Женщины, вышедшие из калиток на шум ссоры, подтвердили эти слова. Толстяк поднял руку, прося тишины:

— Дайте доскажу. Иногда я злюсь, что вот этот Ганиджан лезет во все дела. Сам я человек с другим характером. Но опять же надо говорить правду: разве он из тех, кто живет ради своего брюха? Он рабочий человек. Руки его кормят, руки, а не муэдзинское горло! Это раз. А второе вот что: разве не он передал отцовский сад в собственность детдому? Тому самому детдому, который приютил и племянника нашего доморощенного муэдзина!

В толпе женщин послышались возгласы — и удивленные, и одобрительные. Ганиджан смутился, пробормотал толстяку: «Зря ты меня расхвалил…» — и поспешно пошел прочь.

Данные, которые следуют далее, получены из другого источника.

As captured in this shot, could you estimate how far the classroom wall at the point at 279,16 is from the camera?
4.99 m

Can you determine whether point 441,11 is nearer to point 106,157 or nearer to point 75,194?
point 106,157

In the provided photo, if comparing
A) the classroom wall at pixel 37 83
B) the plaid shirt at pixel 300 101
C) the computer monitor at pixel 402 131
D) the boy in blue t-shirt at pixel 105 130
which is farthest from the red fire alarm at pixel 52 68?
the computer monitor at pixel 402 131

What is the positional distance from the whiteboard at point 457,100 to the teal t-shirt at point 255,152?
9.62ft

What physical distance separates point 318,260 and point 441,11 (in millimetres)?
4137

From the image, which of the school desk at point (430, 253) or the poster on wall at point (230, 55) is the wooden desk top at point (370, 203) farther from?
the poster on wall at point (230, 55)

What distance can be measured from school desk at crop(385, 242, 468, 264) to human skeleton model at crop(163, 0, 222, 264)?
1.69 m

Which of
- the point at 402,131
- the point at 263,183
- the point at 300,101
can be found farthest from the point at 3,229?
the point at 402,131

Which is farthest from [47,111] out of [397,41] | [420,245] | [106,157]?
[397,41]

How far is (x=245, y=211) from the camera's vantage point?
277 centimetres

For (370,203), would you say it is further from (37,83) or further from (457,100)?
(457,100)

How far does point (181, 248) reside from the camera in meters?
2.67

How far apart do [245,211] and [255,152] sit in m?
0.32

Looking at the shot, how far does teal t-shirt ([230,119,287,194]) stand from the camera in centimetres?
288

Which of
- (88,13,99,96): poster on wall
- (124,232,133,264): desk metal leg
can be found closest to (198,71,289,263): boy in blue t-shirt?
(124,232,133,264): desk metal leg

Мы, мальчишки, долго смотрели ему вслед. До сих пор я думал, что рабочие — это какие-то особенные и ни на кого не похожие люди. А этот — как все. Простая, поношенная одежда. Поверх рубахи легкий длинный халат, туго перехваченный в талии поясным платком. На голове лихо сидит недорогая тюбетейка. Я никак не мог понять, почему он при первых встречах казался мне некрасивым, чуть ли не уродом.

— На вид такой слабый, а рука вон какая сильная оказалась! — задумчиво сказал Исмаил. — И никого не боится.

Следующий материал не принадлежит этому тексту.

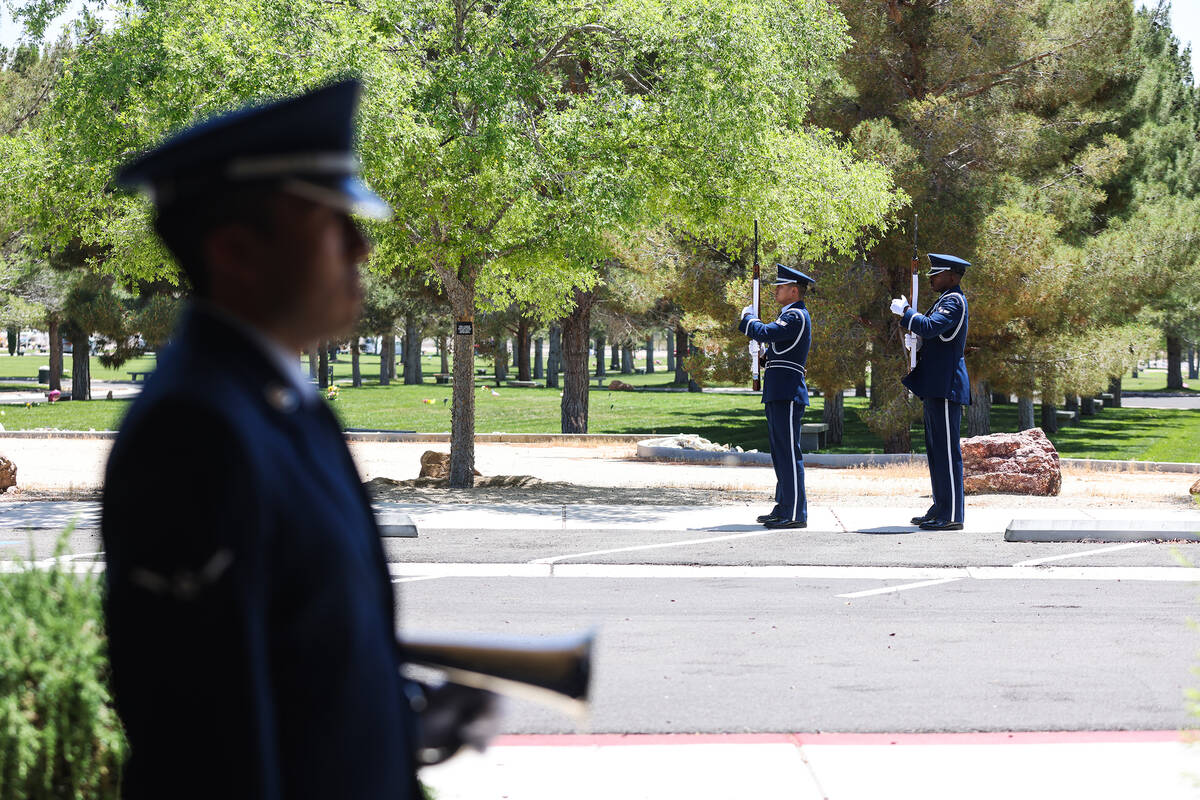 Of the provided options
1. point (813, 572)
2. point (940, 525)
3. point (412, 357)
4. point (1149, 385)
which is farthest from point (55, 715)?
point (1149, 385)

Я еще размышлял над тем, хорошо это или плохо, если человек лезет во все дела. Тот лысый толстяк так не сможет. У него «не тот характер». А я? Я тогда еще не знал, что такое характер и есть ли он у меня. Я мог бы в ту минуту сказать только, что если теперь в наши игры вмешается такой человек, как Ганиджан, то мы уже не обидимся: он зря не вмешается.

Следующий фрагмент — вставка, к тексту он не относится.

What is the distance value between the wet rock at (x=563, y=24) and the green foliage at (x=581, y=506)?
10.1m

Сколько помню, я в том возрасте еще не знал слова «депутат». А позже при словах, что депутаты — это такие люди, которым дело до всего, чем живет народ, я почему-то всегда вспоминал Ганиджана-Некрасивого.

ЗДРАВСТВУЙ, ШКОЛА!

В школу я пошел еще при жизни отца. А было мне всего пять лет. Вы спросите, в какой же это класс могли принять в таком возрасте?